I wish I'd gotten a photo of the cute little bar that served complimentary wine and the gracious spread of "snacks". We got a seat by the window and nibbled on hummus and guacamole, yummy cheeses and nuts. And even though I think of beignets as breakfast, I couldn't resist when they came around offering piping hot, powdery treats, fresh from the kitchen!
Fresh Looking Room
Our room was spacious and felt nicely updated. It was hard to believe our comfy hotel was actually in a warehouse state as recently as 1987.
Our windows let in lots of light, but not much in the way of a view... unless we wanted to wave to all the people going by on the walkway.
I'm not sure how this space was used in 1853, when they added the new floors. I like to picture the factors, those professionals who graded cotton, warming their hands at this fireplace.
If we'd gotten a river view room, we might have had a small balcony. That's where the factors kept an eye on the cargo ships arriving and unloading.
Staying Warm and Dry
It would have been fun if the fireplace had worked. It turned chilly that night and a fire would have been a treat.
The next morning we woke to rain and suddenly realized how handy that umbrella in the holder could be.
The hotel had two restaurants overlooking the river. We had a decent and informal lunch at Tubby's, on the upper deck.
But one perk of the hotel is that you really can walk anywhere. For dinner, we found the delightful "Boar's Head Grille & Tavern", just steps away in another old warehouse.
I will remember less about our comfortable hotel room than I will the idea of what our hotel once was.
And maybe even more memorable than our warehouse/hotel itself, was what it was sandwiched between. I will always remember how our hotel opened to the busy river on one side...
...and cozied up to the bluffs and brick and stone on the other side. Pretty nice combination!
My New Year's Resolution for 2014 was to start documenting some of the memorable overnights I've had in some very odd and curious motels and hotels. Like the adventures in my Dining Blog, I have learned to enjoy the surprises that happen when you step out of the comfort zone, far away from the well-known chains.

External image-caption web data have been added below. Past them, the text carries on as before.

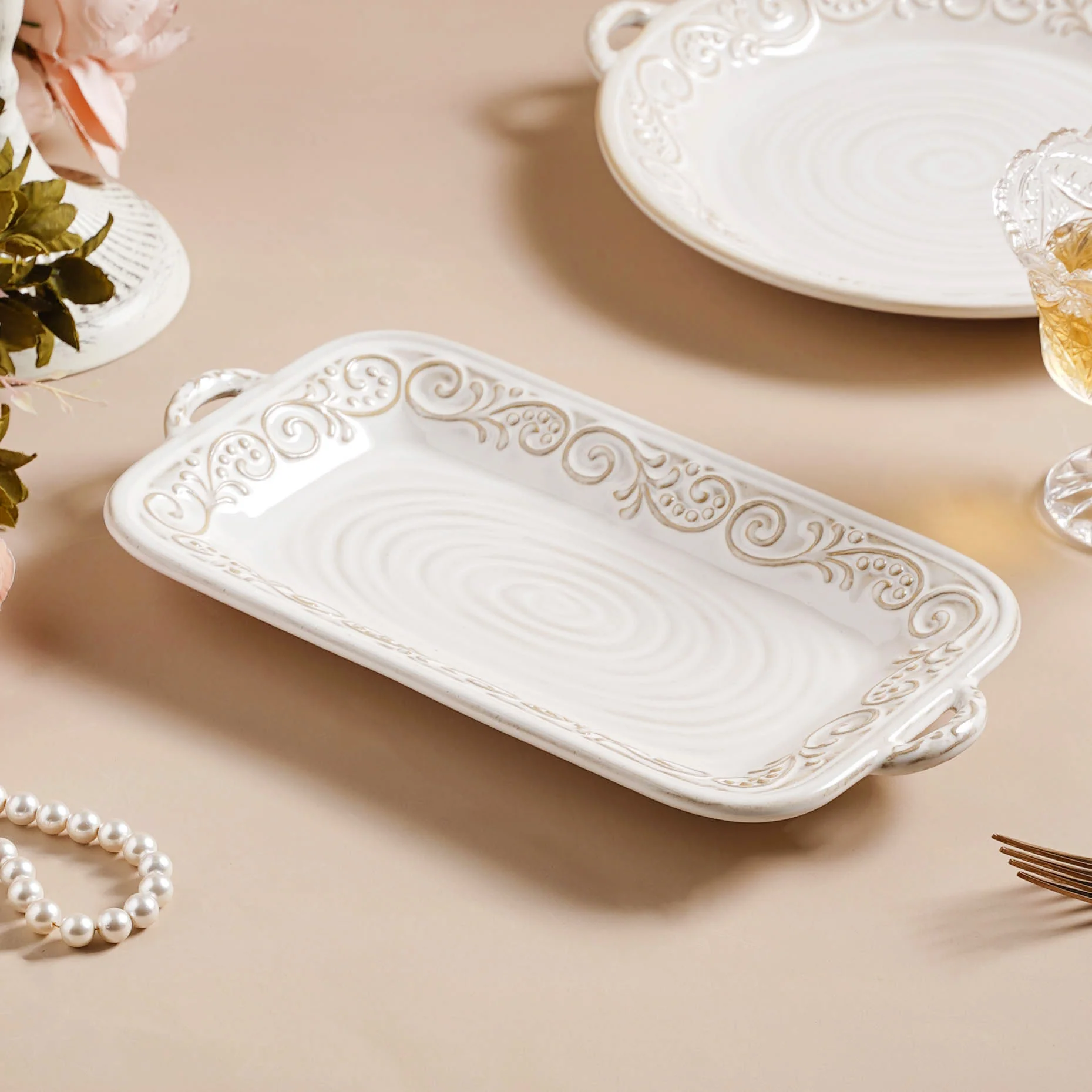Faye Rectangular Baking Plate 10 Inch - Image 4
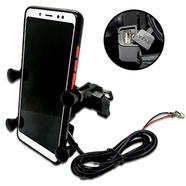 Motorcycle/Bicycle Phone Mount Multi Functional Rotary Mobile Phone Bracket Grip Handlebar/Mobile Holder - (mobile_holder_kakra_m1)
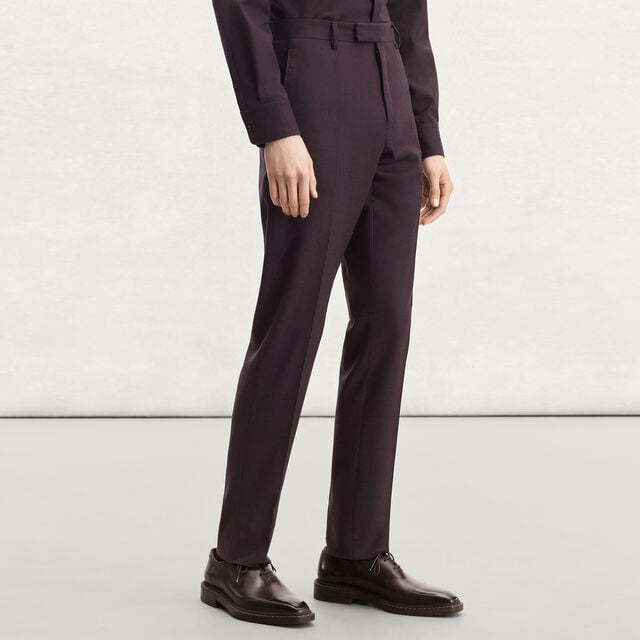 Alessandro Wool Trousers, NERO BORDO, hi-res 2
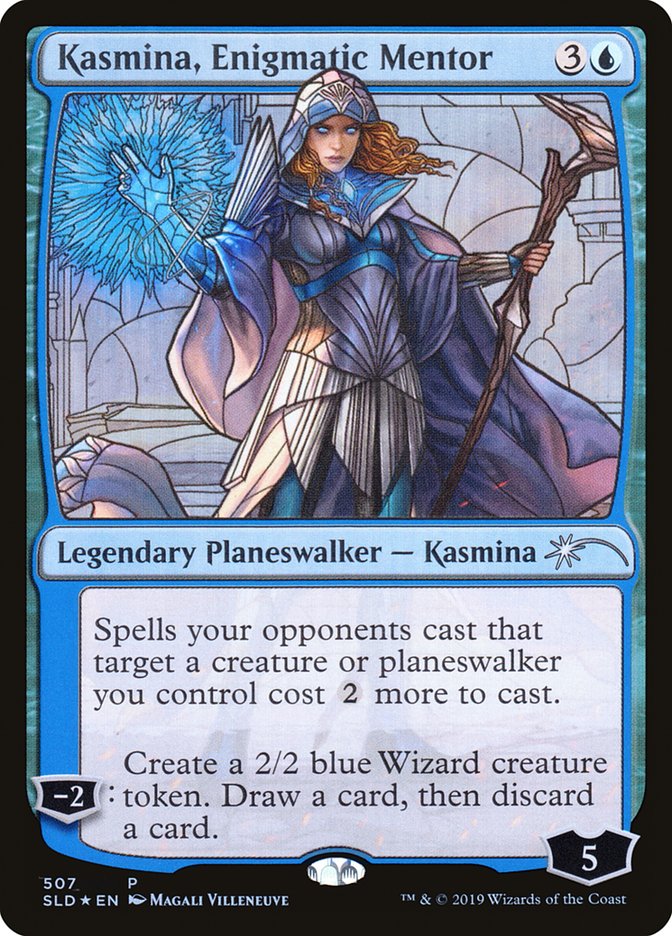 Kasmina, Enigmatic Mentor (Stained Glass) [Secret Lair Drop Promos] - Destination Retro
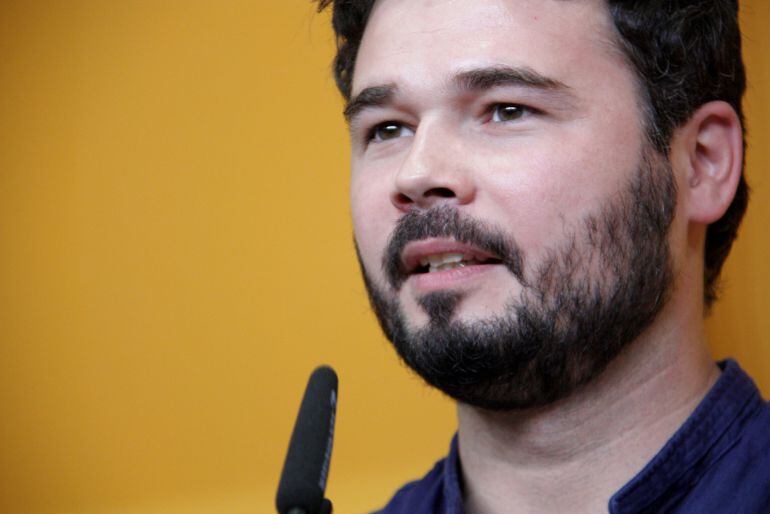 Gabriel Rufián, candidato de ERC al Congreso.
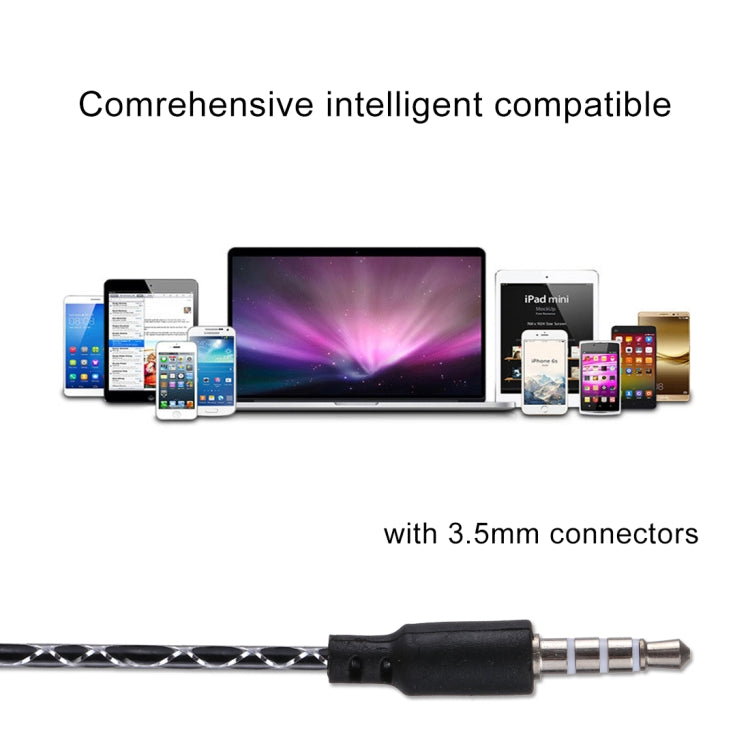 S4 Bass Stereo Sound Generally In-ear Wire Control Earphone, For iPhone, iPad, Galaxy, Huawei, Xiaomi, LG, HTC and Other Smartphones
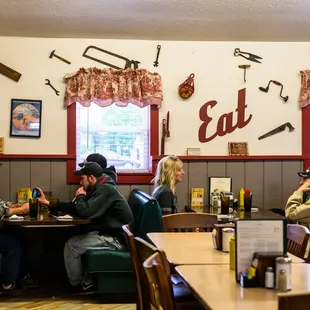 people sitting at a table
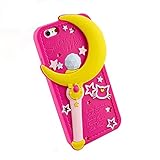 Jicheng Electronic for IPhone 6S Plus Case 3D Cute Unicorn Sailor Moon Giraffe Cartoon cat Silicone Back Cover Case for Apple IPhone 6 Plus/6S Plus-SAILOR MOON Rose Red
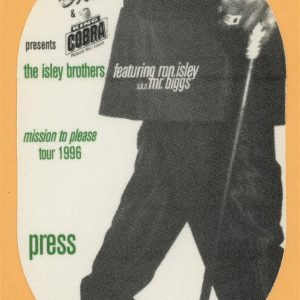 Isley Brothers 1996 Mission To Please Concert Tour PRESS Backstage Pass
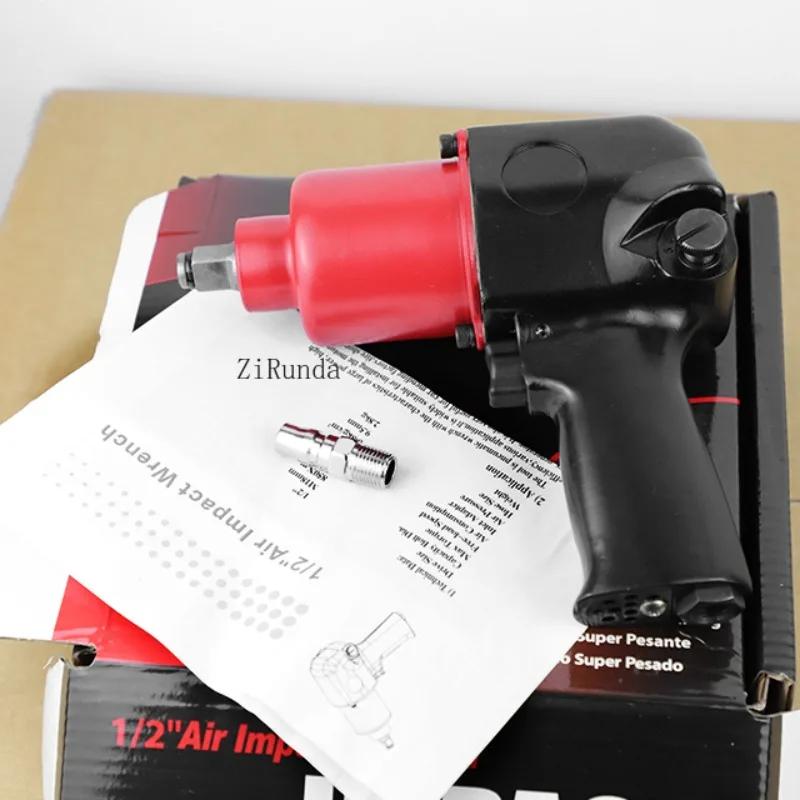 Pneumatic air impact wrench without needle hammer, maximum torque for automotive rubber covers
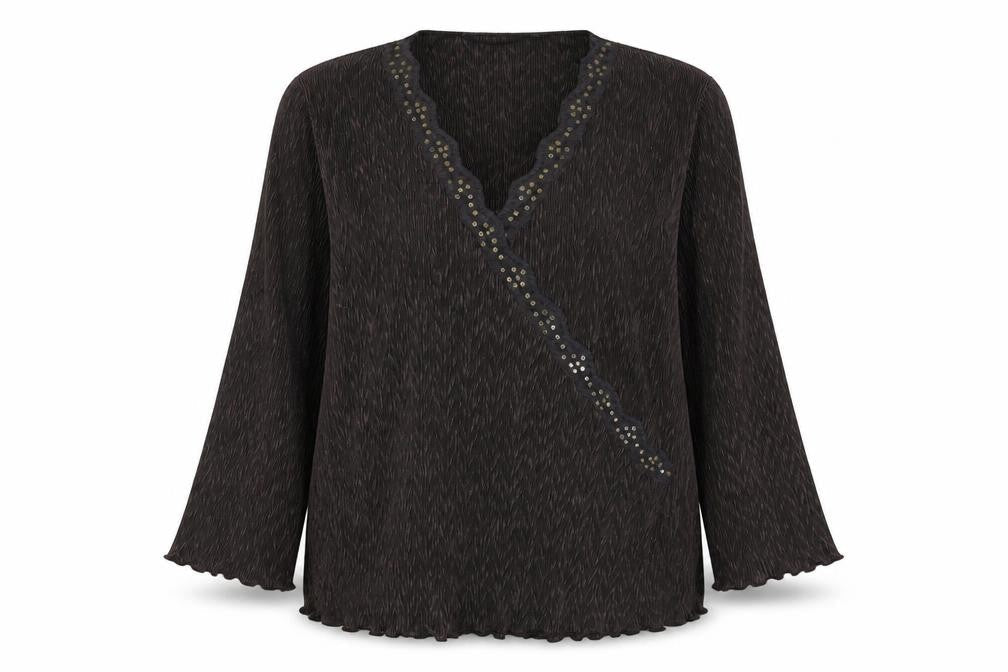 Windsmoor Women's Black Long Sleeve V-Neck Top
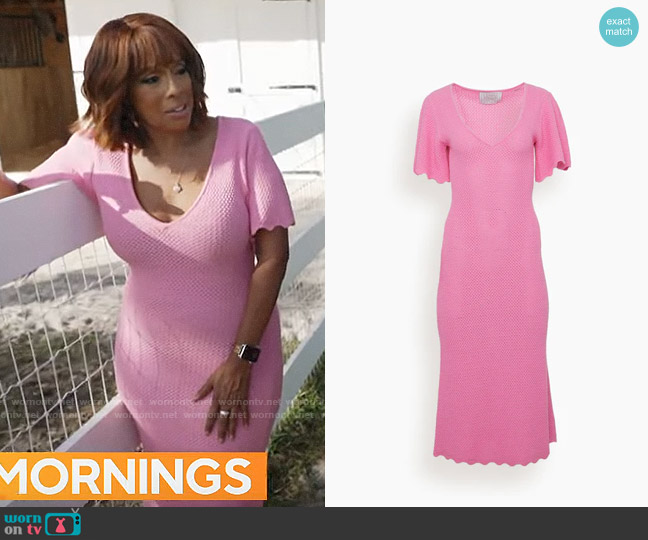 Victor Glemaud Knit Dress worn by Gayle King on CBS Mornings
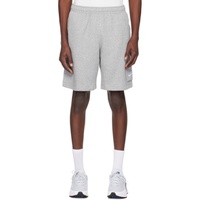 Nike Gray Embroidered Shorts 242011M193031
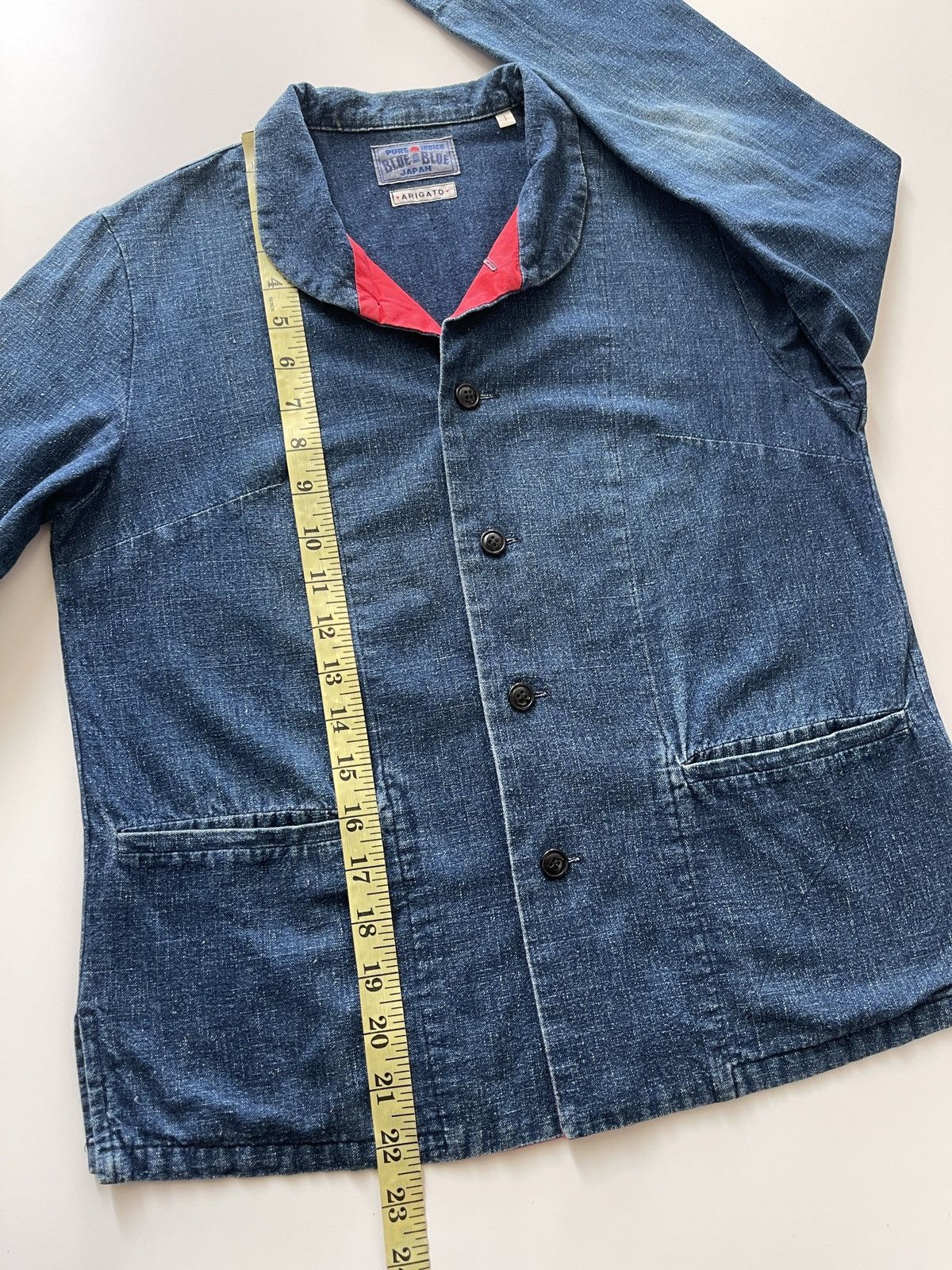 Blue Blue Japan Blue Blue Arigato Japan Pure Indigo Mandarin Colar Size S / US 4 / IT 40 - 15 Thumbnail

I began with a few entries recalling my very first home away from home memories from my youth. Then, I started sharing about some of the quirky and unforgettable motels, hotels and inns that my husband and I have discovered in recent years.
The best part about this challenge was making some lists with Don and getting on the road in search of new overnight adventures. I gave myself a 2-year goal to write up 90 stories and the goal was met. Now we just keep on adding!